Last month, HSBC Bank Malaysia became the first locally incorporated foreign bank to be awarded a licence to operate an independent Islamic banking subsidiary in the country. The move is part of the central Bank Negara's (BNM) continued efforts towards liberalisation of the sector and more foreign banks are expected to be awarded such licences in the near future. With other Asian financial centres such as Singapore, Hong Kong and even Tokyo actively looking to increase their presence in the region's Islamic finance market, the move is being seen as a necessary step for Malaysia to sustain its leadership position in the field.

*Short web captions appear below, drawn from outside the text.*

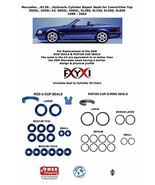 Hydraulic Cylinder Repair Rod &amp; Piston Cap Seals for Mercedes SL500 SL32... - €42,45 EUR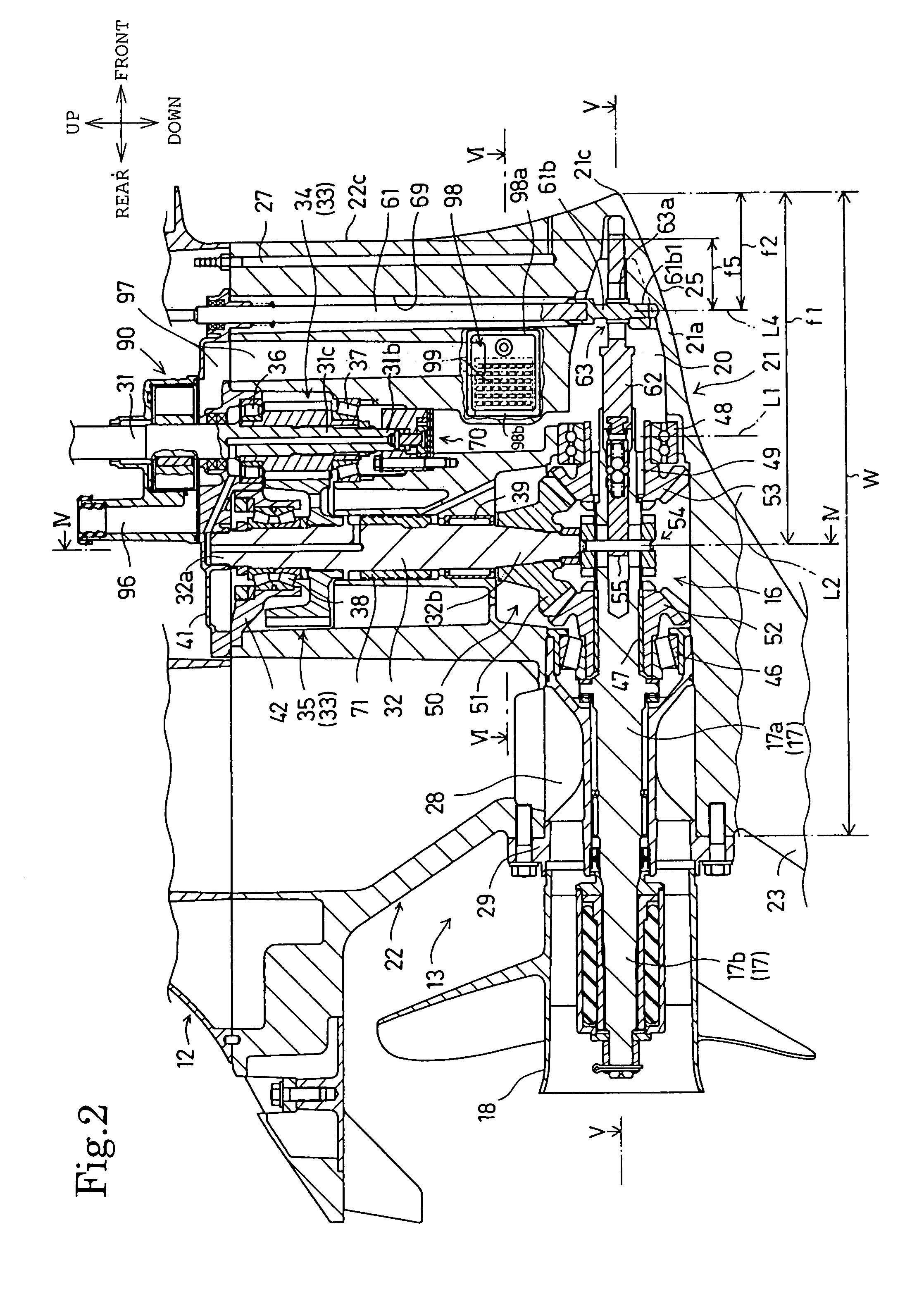 Marine propulsion machine provided with drive shaft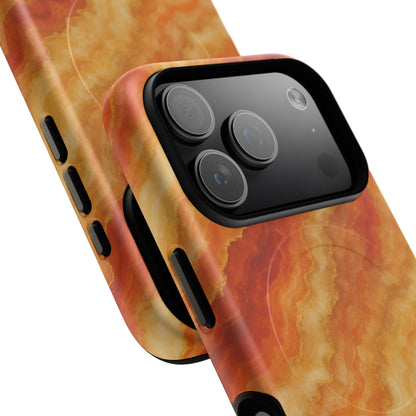 Amber Agate Marble iPhone Case with MagSafe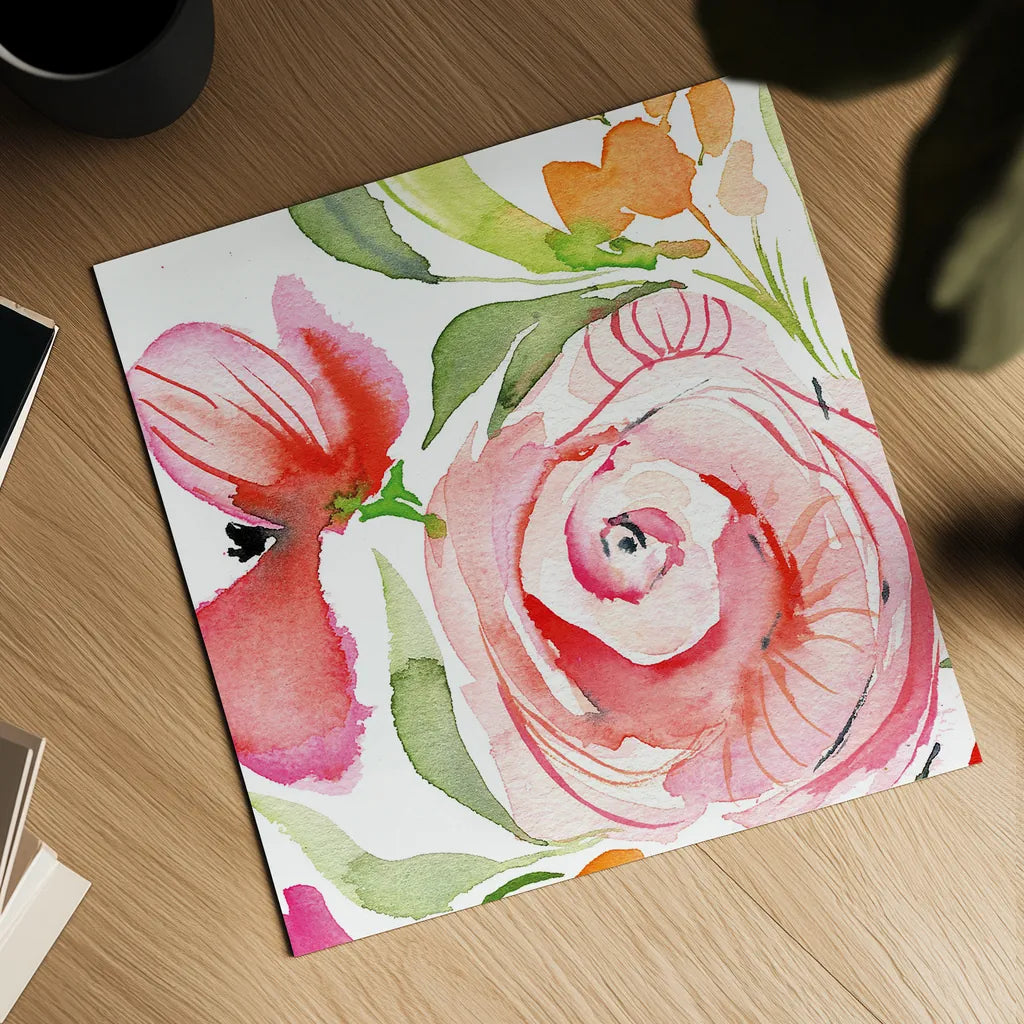 Bloom to Remember IV by Kristy Rice. Shown as a detailed flat fine art print, highlighting archival giclee quality. Available as an archival giclee rolled canvas, fine art paper, or poster print. SKU 41901a.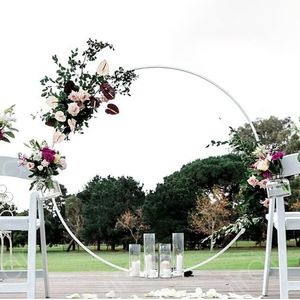 Ronde ballonnenboog, bouwset, 100 cm, cirkel, bloemenboog, standaard, bruiloft, bloemenboog, achtergrondstandaard, balloncirkelframe, ringstandaard voor verjaardagsfeesten, decoraties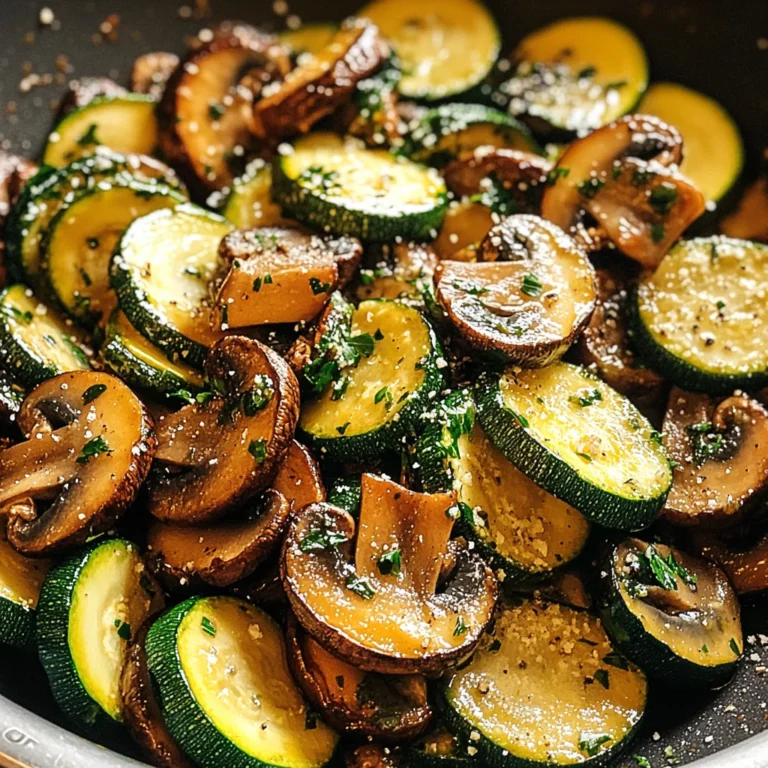 Skillet Zucchini and Mushrooms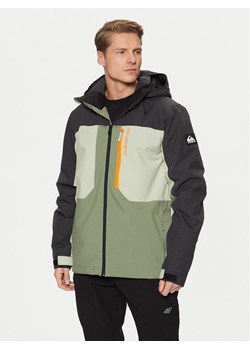 Quiksilver Kurtka narciarska Dawson EQYTJ03451 Zielony Slim Fit ze sklepu MODIVO w kategorii Kurtki męskie - zdjęcie 182675118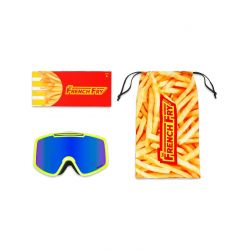 Pit Viper Ski Goggle French Fry Double Wide The Sludge Blue/purple Revo Cat.3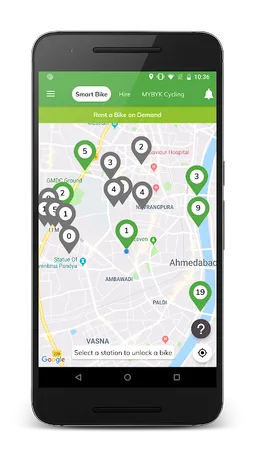 MYBYK | Bicycle Rental & Sharing screenshot 2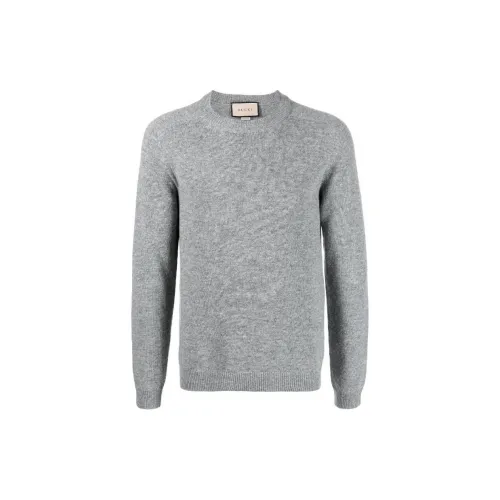 GUCCI Sweaters Men Gray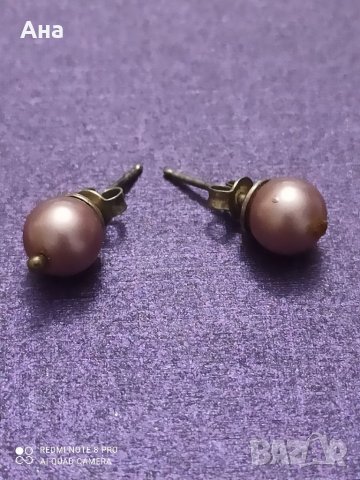 Сребърни обеци , снимка 1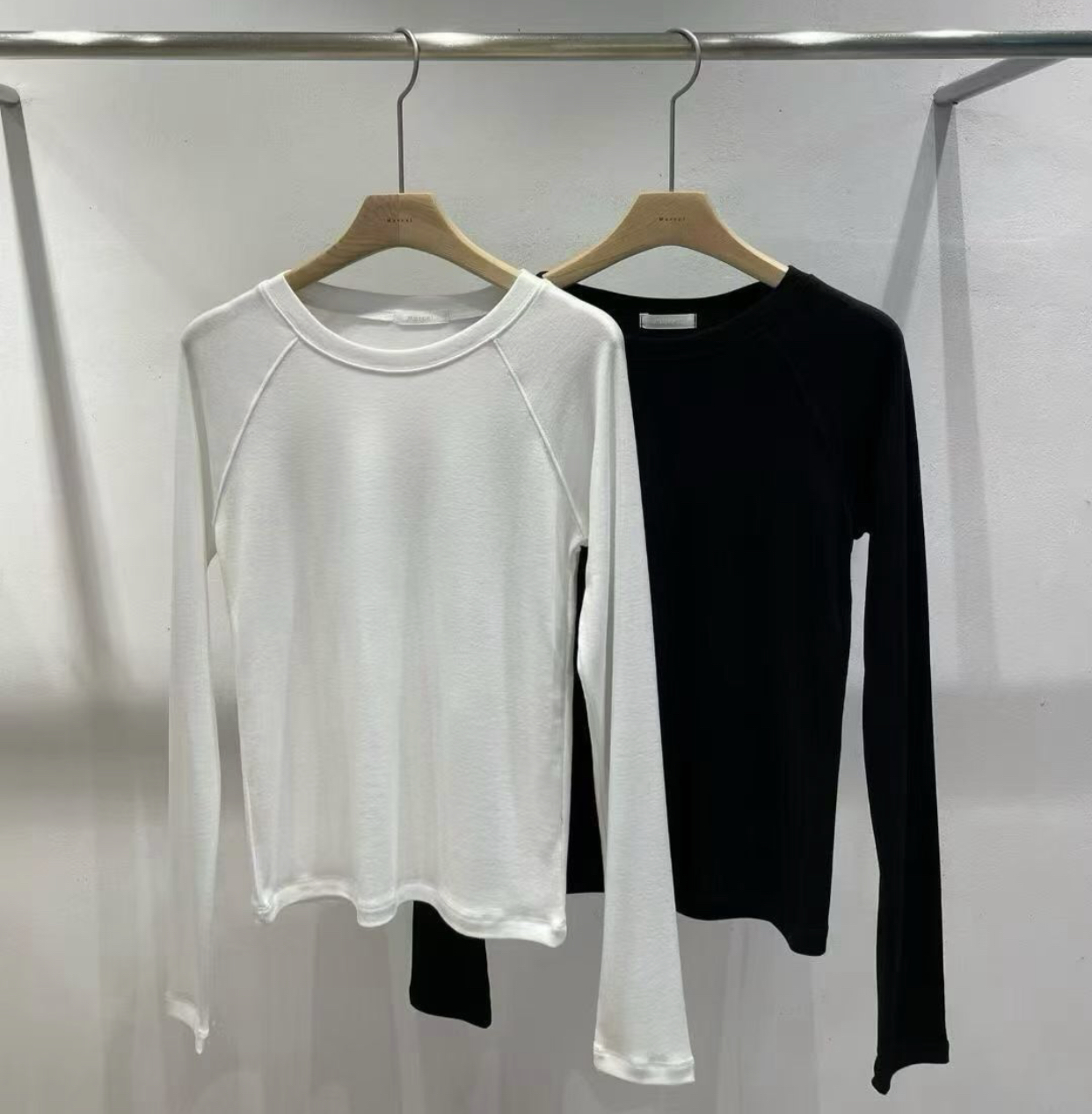 MARCEL東大門㊣直郵女士新款人氣職業休閑推薦長袖T恤插肩袖MARCEL長袖T恤圖色2左二色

HSBC has been offering Islamic financial services in Malaysia since 1994, with a 4% share of the Islamic financial services market. As of September, Islamic finance contributed 10.5% ($51.3m) of the bank's total operating income. The company launched HSBC Amanah, its dedicated global Islamic brand, in 1998. Yakub Bobat, managing director for HSBC Amanah in Malaysia, has indicated that the country will be designated as the regional centre for HSBC's Islamic banking business in the Asia Pacific region, providing services to markets in India, Hong Kong, China, Bangladesh, Indonesia and Brunei.
With a stand-alone Islamic licence, HSBC Amanah Malaysia will be treated as separate bank, with its own board of directors and balance sheets. There are no limits on the number of branches it can open, a significant factor as foreign banks to date have been limited to opening only a few new branches each year, especially in competitive urban locations. The rules state that Islamic windows are allowed to serve conventional customers, although they cannot cross-sell conventional products through the Islamic branch network.
The limit on branch openings for foreign banks has been a sensitive issue, with local banks arguing that exposure to foreign competition should be gradual, allowing them to build up the competency, size and expertise to compete.
Julian Wynter, CEO of Standard Chartered Malaysia, told OBG, "This is fair, as foreign banks need to contribute to community development. No country in the world would let foreign banks dominate domestic banks. The local banks are getting better because [...] we bring in competition and help consumers get improved standards."
In addition to bringing in international best practices and spurring innovation, international banks also offer global networks and can help further expand Malaysia's Islamic banking offering to international customers.
Standard Chartered, along with CitiGroup and OCBC, are all expected to be granted Islamic stand-alone licences within the next year.
Malaysia is considered a leader in Islamic banking, which accounts for 13% of the country's banking assets. The country is particularly strong in Islamic capital markets, with 50% of the sukuks (Islamic bonds) issued globally transacted in Malaysian currency. Other Islamic financial service offerings where Malaysia holds a niche leadership are takaful (sharia-compliant insurance) and education.
Malaysia's Islamic financial services market is aided by strong ties with the Middle East. Two years ago three Middle Eastern Islamic banks, Kuwait Finance House, Saudi Arabia's Al Rajhi, and Qatar-based Asian Finance, were granted licences to set up in the country.
Malaysia has established standard-setting institutions such as the international Islamic Financial Services Board and the International Centre for Education in Islamic Finance to cement its position as an industry leader. BNM and the securities commission have also jointly established the Malaysia International Islamic Finance Centre, which is mandated to liberalise the sector and allow for more foreign participation.
Keith Driver, CEO of HSBC Amanah Takaful Malaysia, the bank's Islamic insurance unit, told OBG, "BNM wants Malaysia to become an Islamic finance hub, and allowing foreign players will help to make an industry that in the past has been perceived as old-fashioned and reserved for Muslims, more commercially vibrant."
To tap into an estimated $1.5trn worth of funds floating in the Middle East and an industry that has shown 15% growth since 2000, Singapore, Hong Kong and Tokyo are all actively looking to capture a share of the pie. Before September 11th, many Middle East investors had funds in the US, UK and Switzerland. Today, with heightened security concerns, they are increasingly looking east and investing closer to home. As Islamic transactions must have underlying assets, an abundance of real estate and construction projects in the Asia Pacific region make for attractive investment options.
With Asia becoming increasingly competitive in the area of Islamic finance, liberalisation, as evidenced by BNM's decision to permit foreign conventional banks to operate Islamic subsidiaries, is seen as a key for Malaysia to sustain its leadership position.